Answer
The roots of the polynomial are\[\left\{ -\frac{1}{3},-1,2,3 \right\}\]
Work Step by Step
Consider the given polynomial $3{{x}^{4}}-11{{x}^{3}}-{{x}^{2}}+19x+6=0$.
Determine values of p and q where p are the factors of the constant in the polynomial and q are the factors of the leading coefficient of the polynomial.
$p=\pm 1,\pm 2,\pm 3,\pm 6$
$q=\pm 1,\pm 2,\pm 3$
Calculate $\frac{p}{q}$.
$\frac{p}{q}=\pm 1,\pm 2,\pm 3,\pm 6,\pm \frac{1}{2},\pm \frac{1}{3},\pm \frac{2}{3}$
According to the Descartes’s rule of signs, the function $3{{x}^{4}}-11{{x}^{3}}-{{x}^{2}}+19x+6=0$ has two sign changes. Since the function $f\left( x \right)$ has two variations in sign, the function $f\left( x \right)$ has two or zero positive real root.
Further, evaluate $f\left( -x \right):$
$\begin{align}
& f\left( x \right)=3{{x}^{4}}-11{{x}^{3}}-{{x}^{2}}+19x+6 \\
& f\left( -x \right)=3{{\left( -x \right)}^{4}}-11{{\left( -x \right)}^{3}}-{{\left( -x \right)}^{2}}+19\left( -x \right)+6 \\
& =3{{x}^{4}}+11{{x}^{3}}-{{x}^{2}}-19x+6
\end{align}$
There are two variations in sign. Thus, there are 2 negative real zeros or $2-2=0$ negative real zeros.
Test $x=-1$ as a root of the polynomial:
$\begin{align}
& f\left( x \right)=3{{x}^{4}}-11{{x}^{3}}-{{x}^{2}}+19x+6 \\
& f\left( -1 \right)=3{{\left( -1 \right)}^{4}}-11{{\left( -1 \right)}^{3}}-{{\left( -1 \right)}^{2}}+19\left( -1 \right)+6 \\
& =0
\end{align}$
Divide the equation $f\left( x \right)$ by $\left( x+1 \right)$.
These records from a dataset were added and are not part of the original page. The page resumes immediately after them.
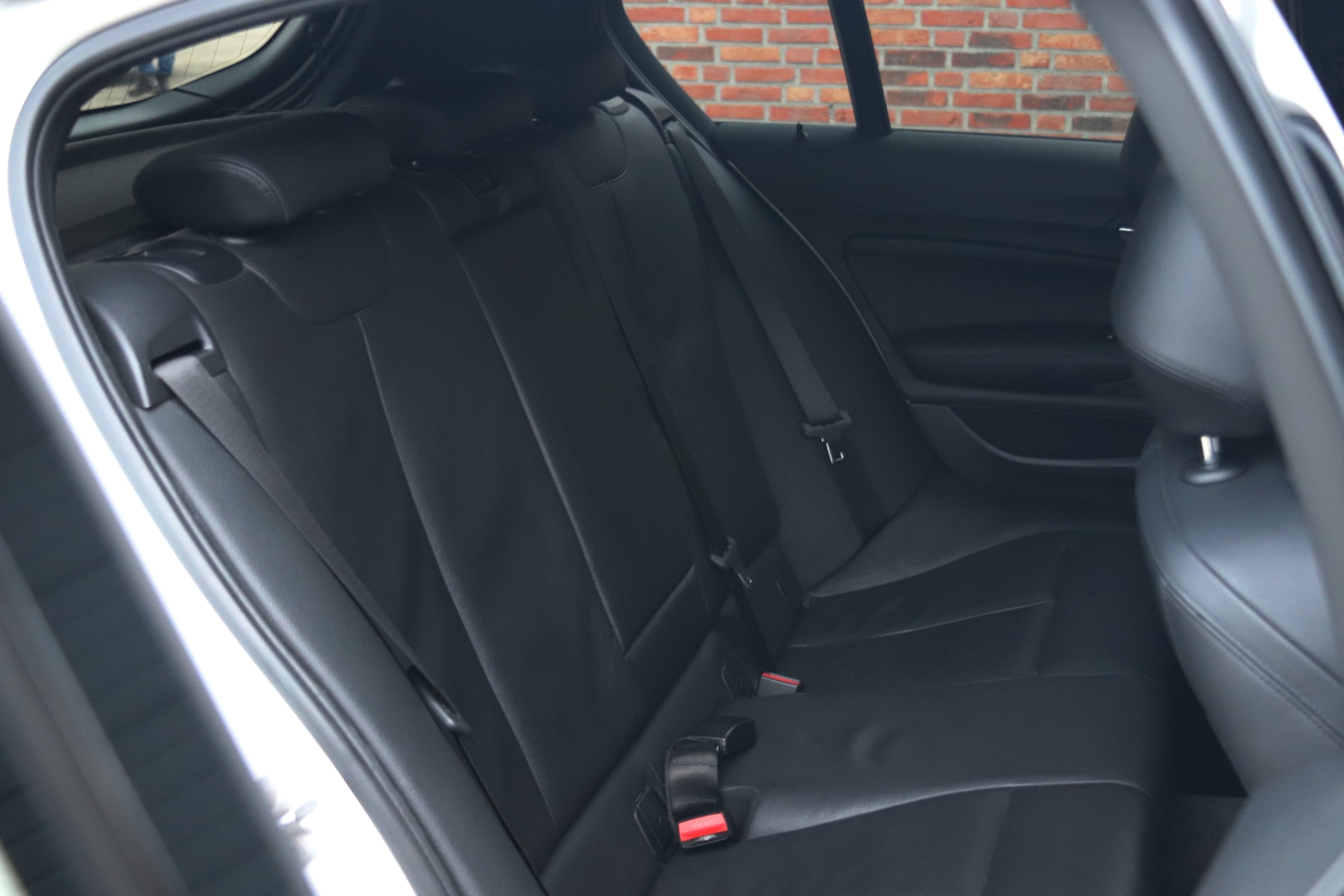 BMW-120i-F20-LCI-2017-7457-041.JPG
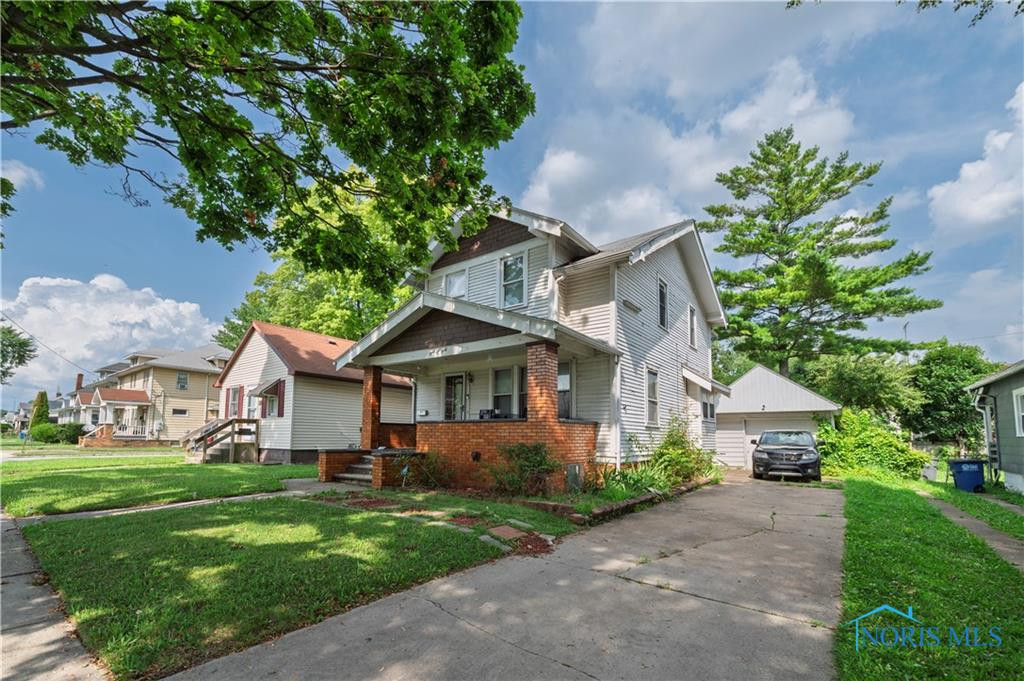 4140 Caroline Avenue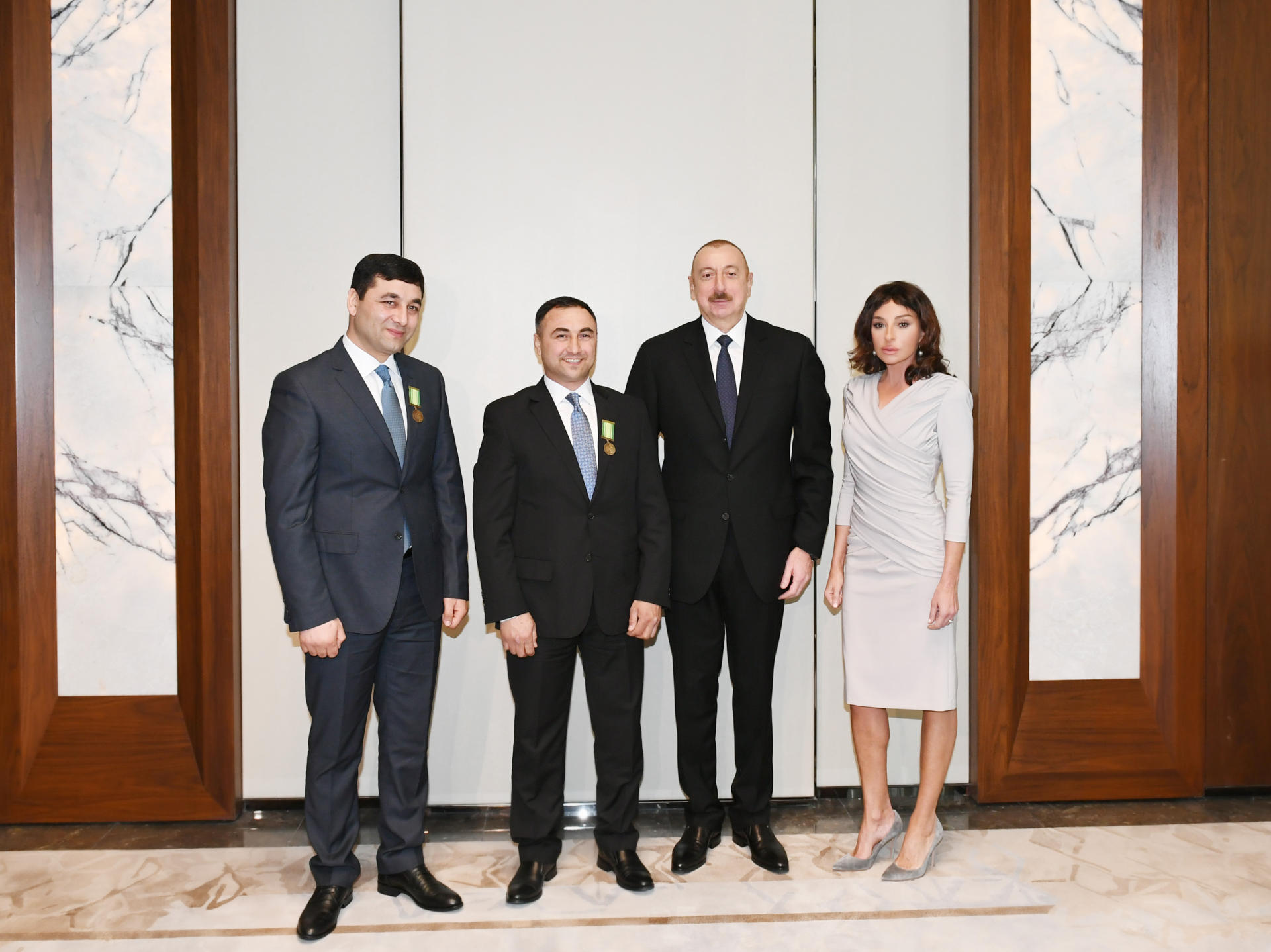 Prezident İlham Əliyev və birinci xanım Mehriban Əliyeva Ukraynada yaşayan soydaşlarımız Sabir və Umud Şirinov qardaşları ilə görüşüblər (FOTO) (YENİLƏNİB)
$\frac{3{{x}^{4}}-11{{x}^{3}}-{{x}^{2}}+19x+6}{\left( x+1 \right)}=\left( 3x+1 \right)\left( x-2 \right)\left( x-3 \right)$
Thus, the polynomial can be expressed as $f\left( x \right)=\left( x+1 \right)\left( 3x+1 \right)\left( x-2 \right)\left( x-3 \right)$.
Equate $f\left( x \right)=\left( x+1 \right)\left( 3x+1 \right)\left( x-2 \right)\left( x-3 \right)$ to zero.
$\begin{align}
& \left( x+1 \right)\left( 3x+1 \right)\left( x-2 \right)\left( x-3 \right)=0 \\
& x=-\frac{1}{3},-1,2,3
\end{align}$
The solution of the polynomial is $\left\{ -\frac{1}{3},-1,2,3 \right\}$.